++++ THE RECORDS ++++
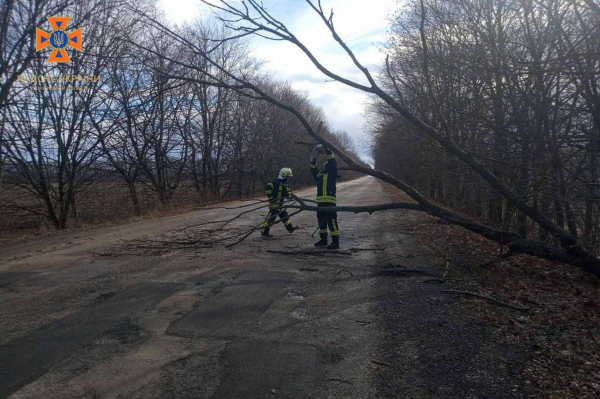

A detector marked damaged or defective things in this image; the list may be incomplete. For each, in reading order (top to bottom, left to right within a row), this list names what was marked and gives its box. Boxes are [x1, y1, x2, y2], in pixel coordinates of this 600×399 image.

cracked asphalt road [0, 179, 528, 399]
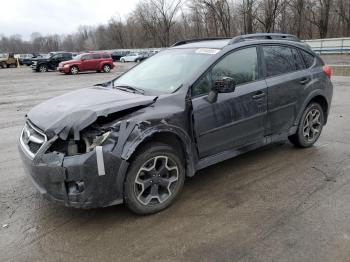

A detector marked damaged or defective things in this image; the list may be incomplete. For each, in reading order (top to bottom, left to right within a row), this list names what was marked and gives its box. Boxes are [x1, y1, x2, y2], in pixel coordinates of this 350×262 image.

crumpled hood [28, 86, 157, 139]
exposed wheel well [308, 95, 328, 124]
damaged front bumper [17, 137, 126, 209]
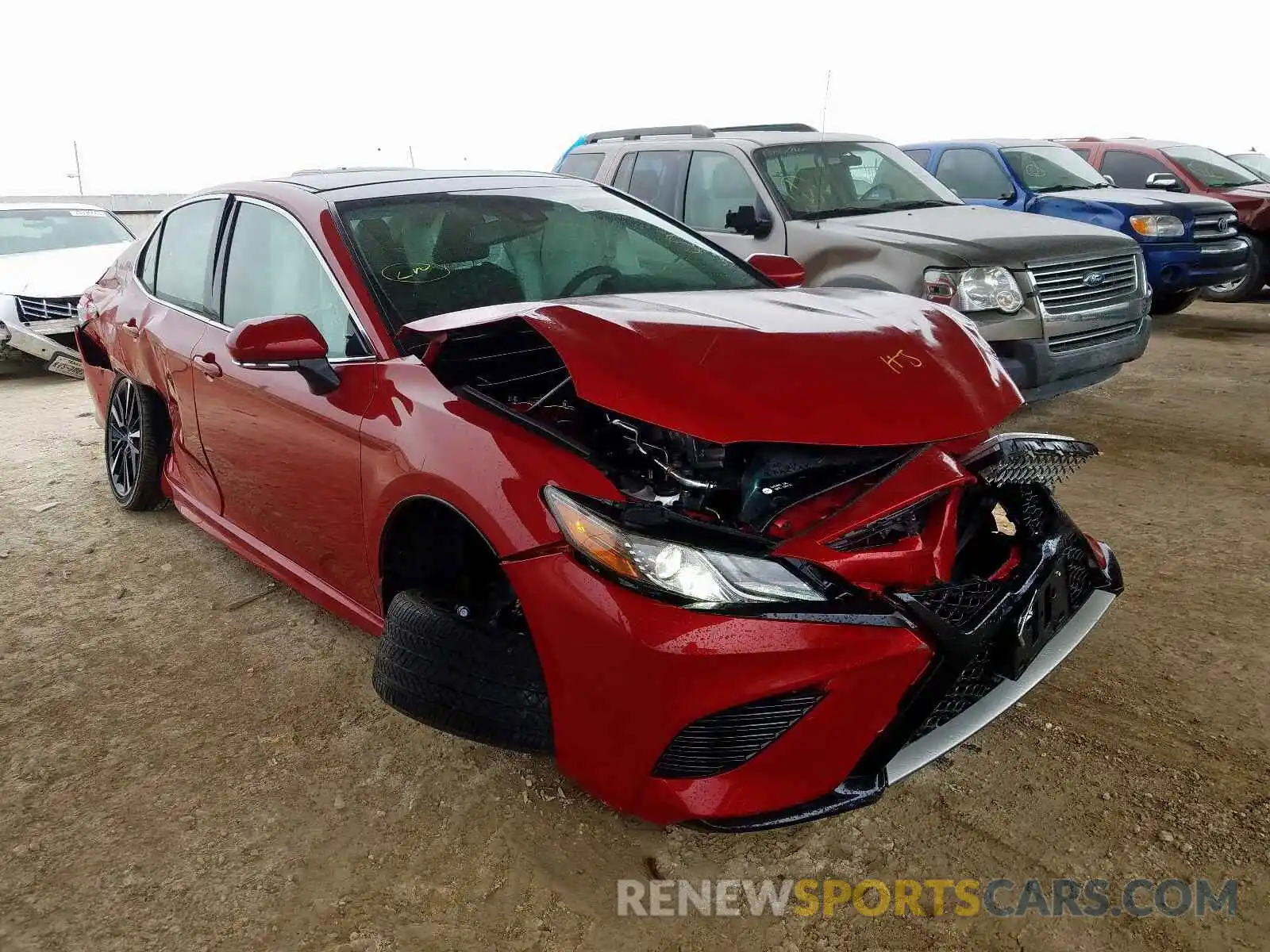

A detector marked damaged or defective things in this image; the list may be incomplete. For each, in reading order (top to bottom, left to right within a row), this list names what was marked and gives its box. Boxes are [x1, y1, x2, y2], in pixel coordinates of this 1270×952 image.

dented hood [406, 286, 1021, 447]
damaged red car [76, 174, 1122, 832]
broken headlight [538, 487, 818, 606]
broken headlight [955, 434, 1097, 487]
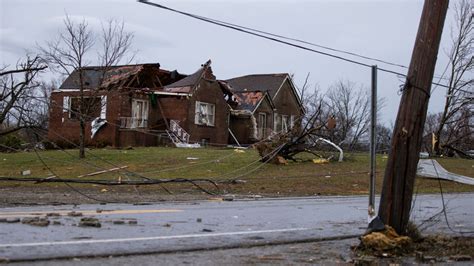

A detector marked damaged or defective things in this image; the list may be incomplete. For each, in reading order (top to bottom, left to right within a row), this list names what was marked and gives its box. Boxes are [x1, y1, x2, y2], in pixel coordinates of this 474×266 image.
++++
§ TASK DIRECTIONS: Go to the line that contains "this 1270×952 image." and copy it and every line after it through the end of the entries, exactly, without the pictures.

§ EXERCISE OUTPUT:
A detector marked damaged or defective things in this image; the list may be incomplete. For each, in reading order (top to bottom, left to right within a row), this list names what was marked and gives its box. Boxes are [x1, y1, x2, y2], in pixel coordinates of this 1270×952 image.

dented hood [406, 286, 1021, 447]
damaged red car [76, 174, 1122, 832]
broken headlight [538, 487, 818, 606]
broken headlight [955, 434, 1097, 487]

A detector marked damaged or defective things in this image; the list may be incomplete. For each, in reading order (top to bottom, left to right within a row), this list names what was marked and gives its box. Boxes are [x1, y1, x2, y2], in pixel coordinates of this 474×266 image.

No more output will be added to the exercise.